(Courtesy of the American Historical Association)
What Have We Learned, If Anything?
By Tony Judt
The New York Review of Books (Volume 55, Number 7 · May 1, 2008)
Ignorance of twentieth-century history does not just contribute to a regrettable enthusiasm for armed conflict. It also leads to a misidentification of the enemy. We have good reason to be taken up just now with terrorism and its challenge. But before setting out on a hundred-year war to eradicate terrorists from the face of the earth, let us consider the following. Terrorists are nothing new. Even if we exclude assassinations or attempted assassinations of presidents and monarchs and confine ourselves to men and women who kill random unarmed civilians in pursuit of a political objective, terrorists have been with us for well over a century.
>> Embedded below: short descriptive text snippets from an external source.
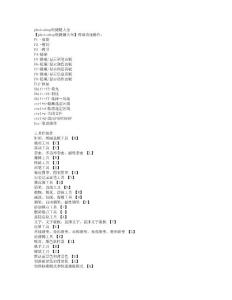 photoshop快捷鍵大全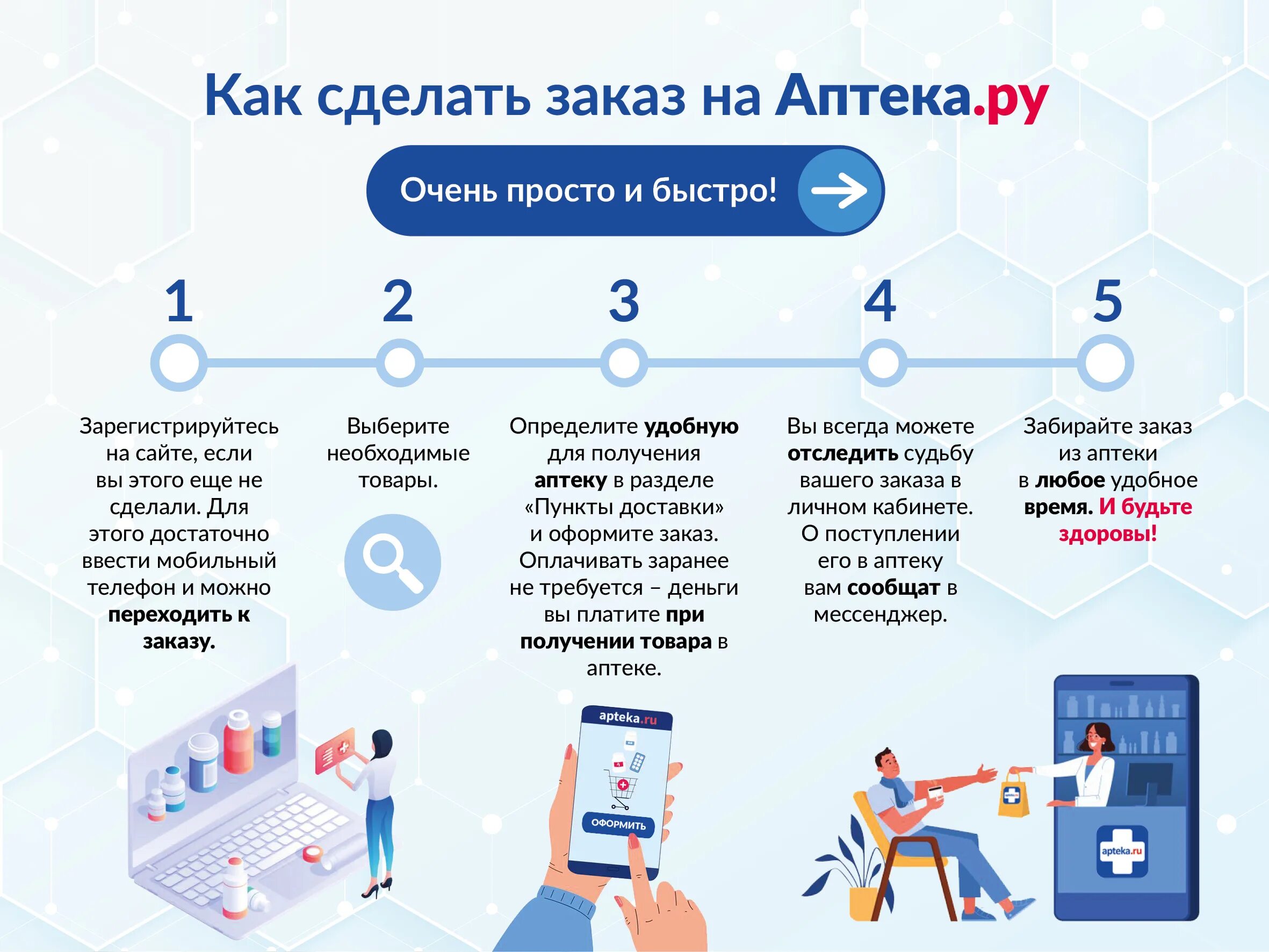 Аптека ру. Аптека интернет заказ. Аптека ру Омск.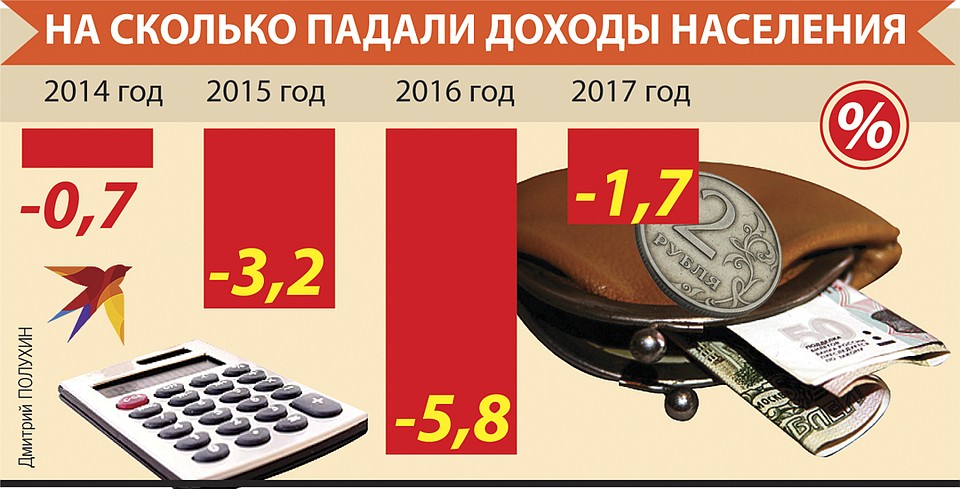 На сколько падали доходы населения Фото: Дмитрий ПОЛУХИН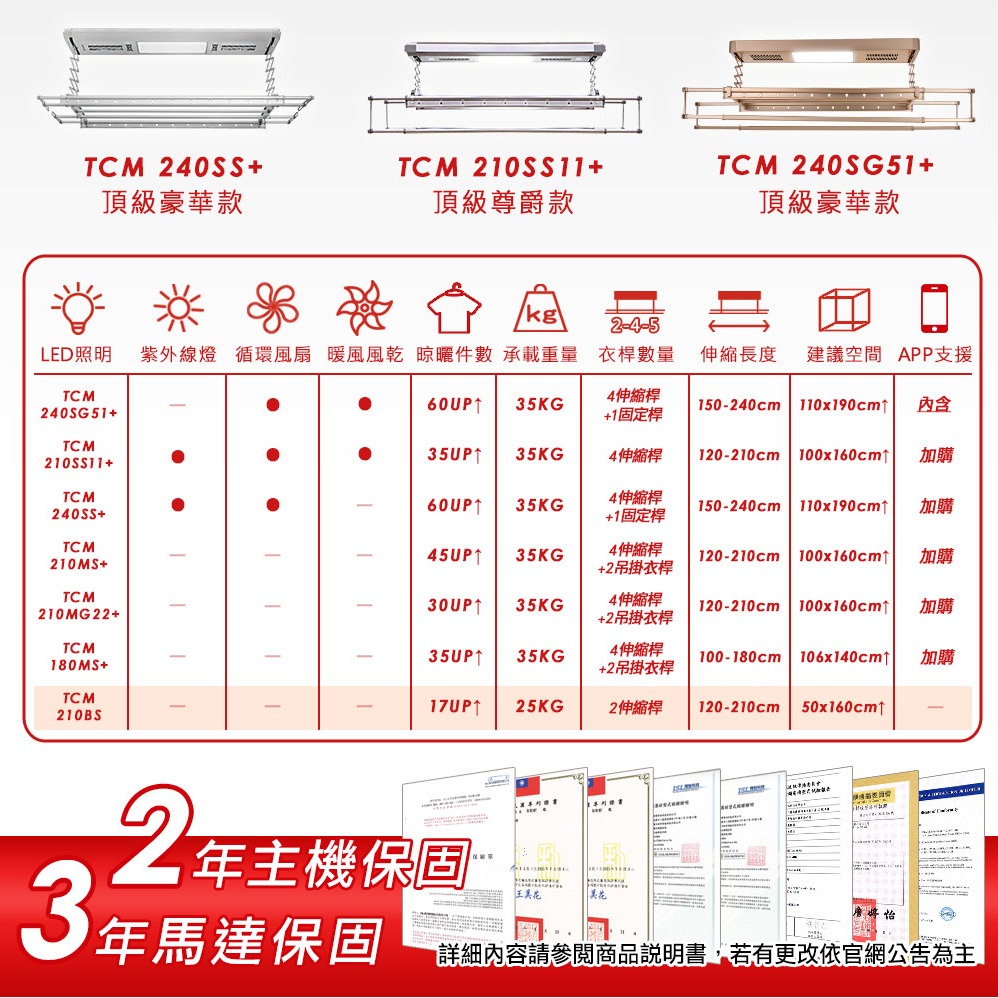 台熱牌 TEW 萬里晴電動遙控升降曬衣機/架(TCM-210BS)(小陽台專用款)(附基本安裝)-細節圖7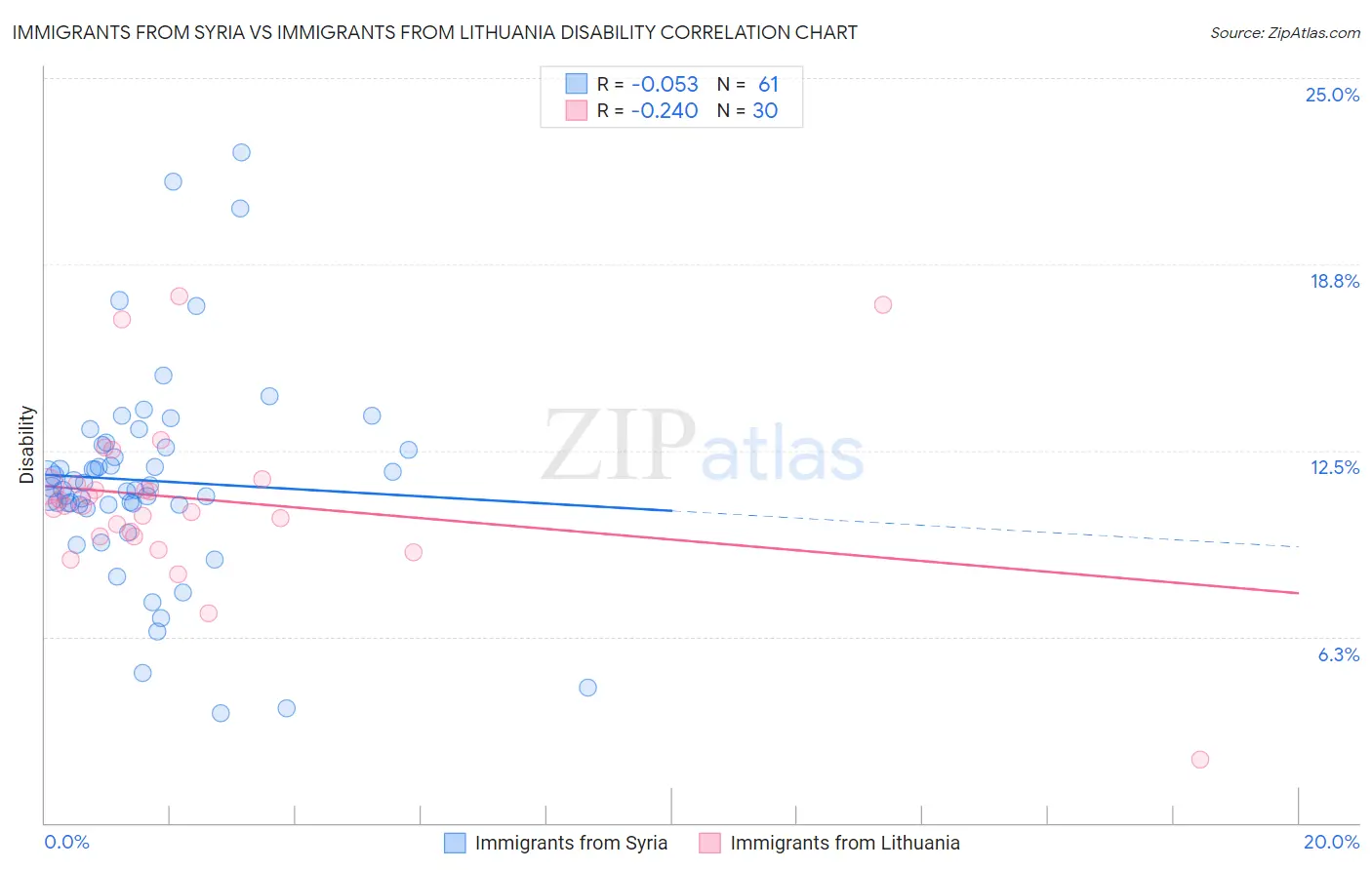 Immigrants from Syria vs Immigrants from Lithuania Disability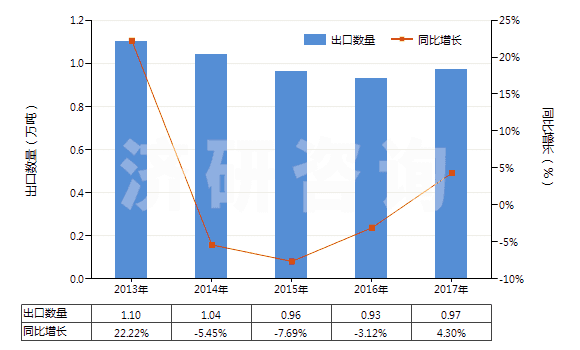 2013-2017年中國鈉的氟化物(HS28261920)出口量及增速統(tǒng)計(jì)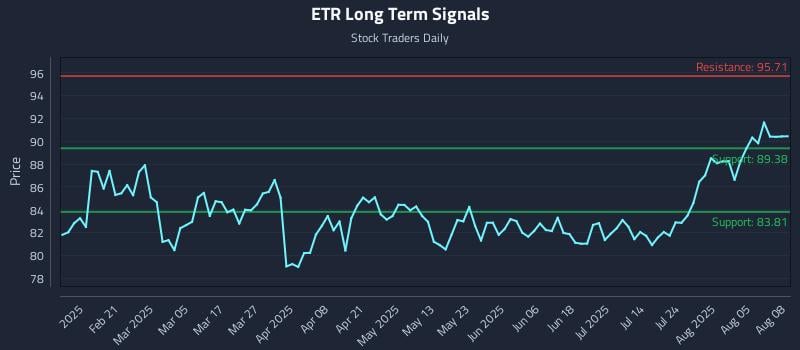 ETR Long Term Analysis for August 8 2025 ETR Long Term Analysis for August 8 2025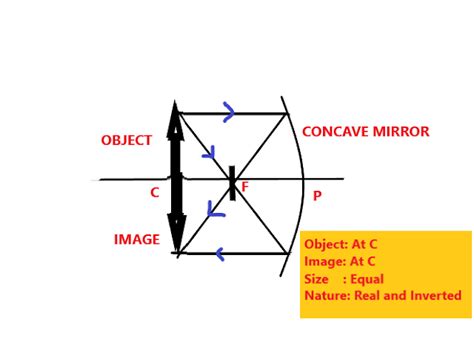 Ray Diagram Concave mirror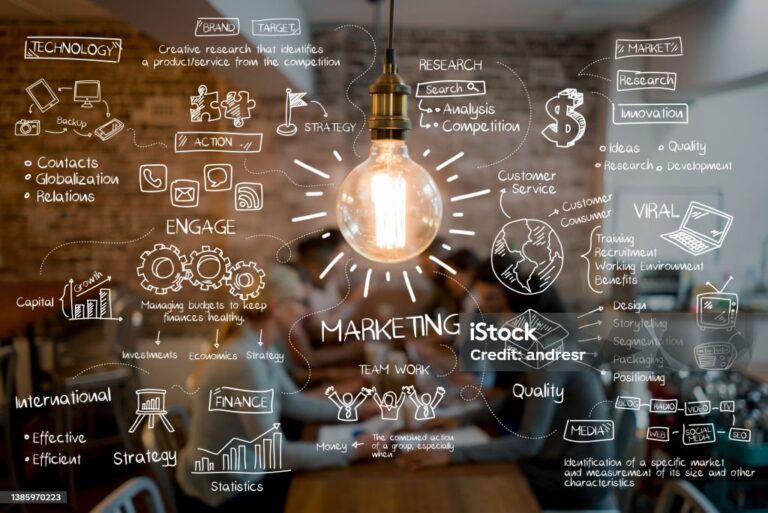 Digital Marketing Strategies That Drive More Traffic and Sales in 2026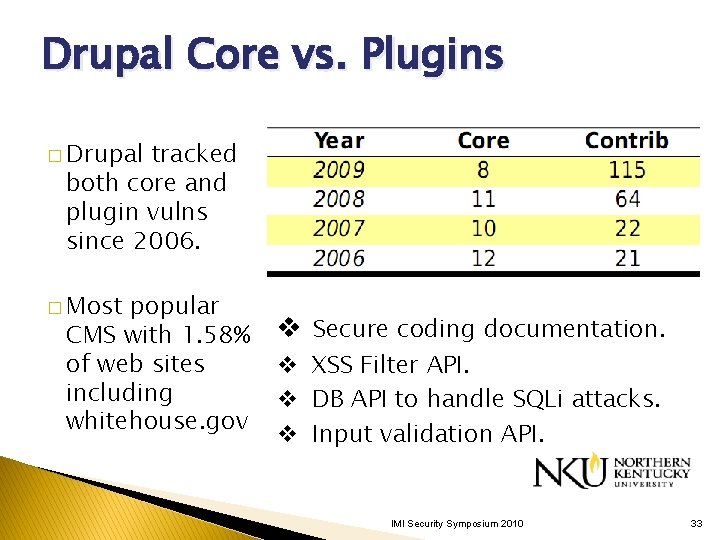 Drupal Core vs. Plugins � Drupal tracked both core and plugin vulns since 2006. Drupal Core vs. Plugins � Drupal tracked both core and plugin vulns since 2006.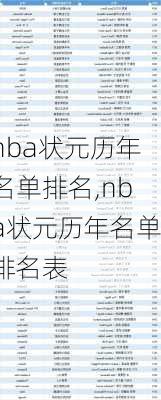 nba状元历年名单排名,nba状元历年名单排名表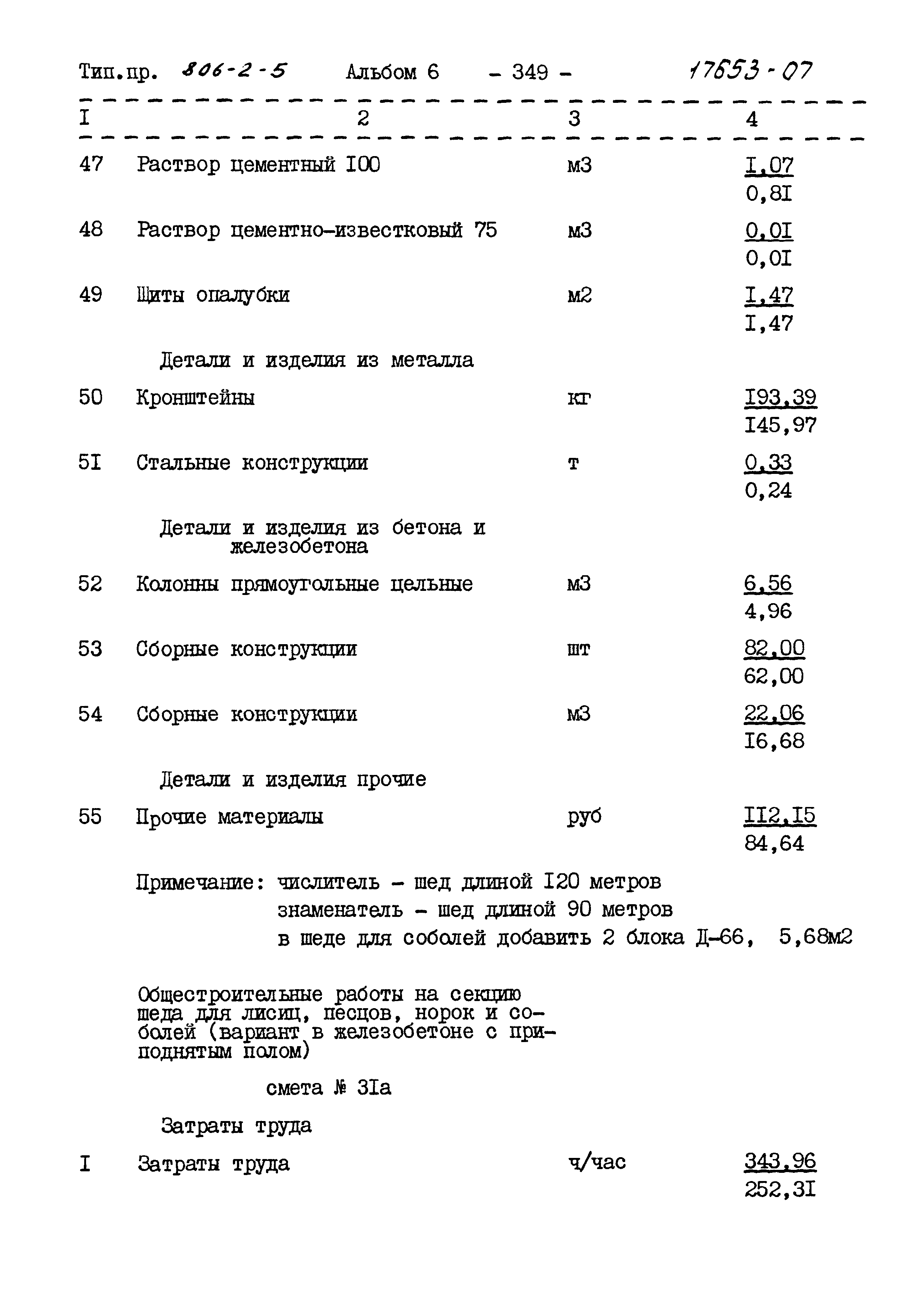 Типовой проект 806-2-5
There have been anarchist terrorists, Russian terrorists, Indian terrorists, Arab terrorists, Basque terrorists, Malay terrorists, Tamil terrorists, and dozens of others besides. There have been and still are Christian terrorists, Jewish terrorists, and Muslim terrorists. There were Yugoslav ("partisan") terrorists settling scores in World War II; Zionist terrorists blowing up Arab marketplaces in Palestine before 1948; American-financed Irish terrorists in Margaret Thatcher's London; US-armed mujahideen terrorists in 1980s Afghanistan; and so on.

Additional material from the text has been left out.